Simultaneously, Kopia and GDA have worked together to breed a new hybrid variety of silkworm. The main purpose of the project is to boost the quality of cocoons by crossing Gumokjam, a Korean high yielding variety, with Golden Silk, which is a local variety with lower yields. The resulting silkworm, named ‘CK1.7.4,’ was able to yield 11.8 kilograms of white cocoon per each 10,000 silkworms, and thrives in the Cambodian climate.
KT: What have been other major achievements for your organisation in the last eight years in the Kingdom?
Dr Kim: We are also working on developing the production technology for potatoes, because this plant has never been grown in Cambodia. All the potatoes here are imported from overseas. As far as I’m concerned, more than 5,000 tonnes of potatoes are imported from overseas every year, mainly from Vietnam and China, but sometimes also from Australia and Japan.
We therefore would really like to develop the technology in Cambodia. We initiated a pilot programme in Pursat, Battambang and Mondulkiri provinces. The Royal University of Agriculture is developing the technology with farmers in Mondulkiri, and we are supporting them by training professors in Korea and by bringing Korean experts to the country.
We also developed a more efficient chicken farming technology and helped Cambodian farmers adopt it. The project has been running for over three years, and we have helped increased local farmers’ incomes. For the next two years, we will focus on supporting those farmers involved in the programme.
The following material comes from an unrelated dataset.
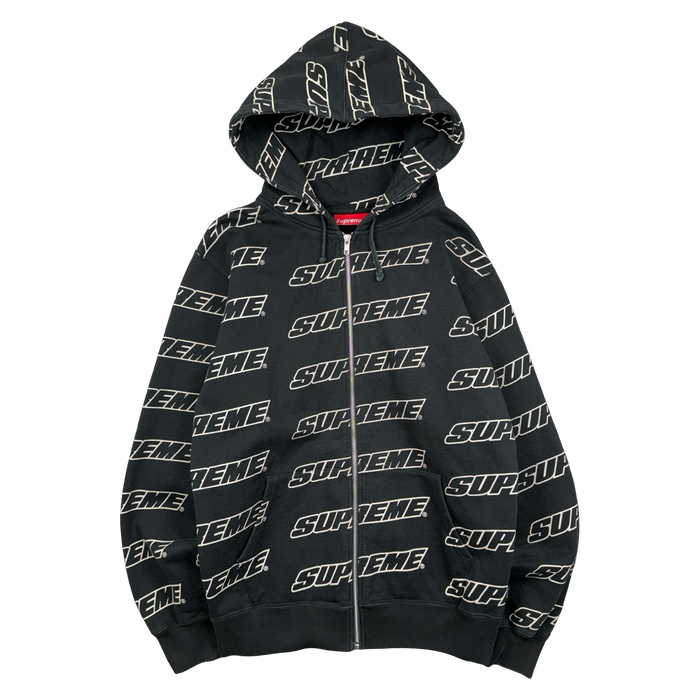 Supreme Repeat Zip Up Sweater Black (USED) | Vitnage Clothing Store Canada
KT: How much money has Kopia invested to aid the government’s agricultural projects?
Dr Kim: Last year, it was more than $700,000. However, most projects will finish this year, so I am now designing new projects that will be eventually submitted to the Rural Development Administration of Korea for approval.
For these new projects, I am working in close cooperation with government officials and researchers. A priority area will be investing in technology that can raise farmers’ incomes and improve crops. As you may know, after rice is harvested, most fields are left idle, without any crops planted. We would like to develop a mechanism to solve this issue, which entails figuring out the right crops for local soil and climate conditions. I am now on talks with the Cambodian Agricultural Research and Development Institute (Cardi) to use mung beans for this project.
Next year, we would also like to help GDA register the new hybrid corn variety. Before this happens, however, we will need to test some more the new variety, including its adoptability to the Cambodian environment. We would like to support these tests.
KT: How will the local agriculture sector develop in years to come? What are the challenges and opportunities?
Dr Kim: First of all, Cambodia has great access to all sorts of advanced technology from around the world due to its great location in the heart of Asean. This will prove invaluable as Cambodians build the infrastructure they need to sustain the sector.
To continue on the path of rapid development, Cambodia needs very strong leadership. As other sectors, particularly industry and services, expand, growth in more traditional industries like agriculture will slow down, and we need to prepare for this. We need to acquire the technology that will help us overcome difficulties and boost the sector. We need to build the skills of the young generations that will join the labour market in the near future, as well as those of the leaders and government officials that are drafting the strategies that will guide the development of the sector. To do all this right, we need to look in the direction of more developed economies like Korea.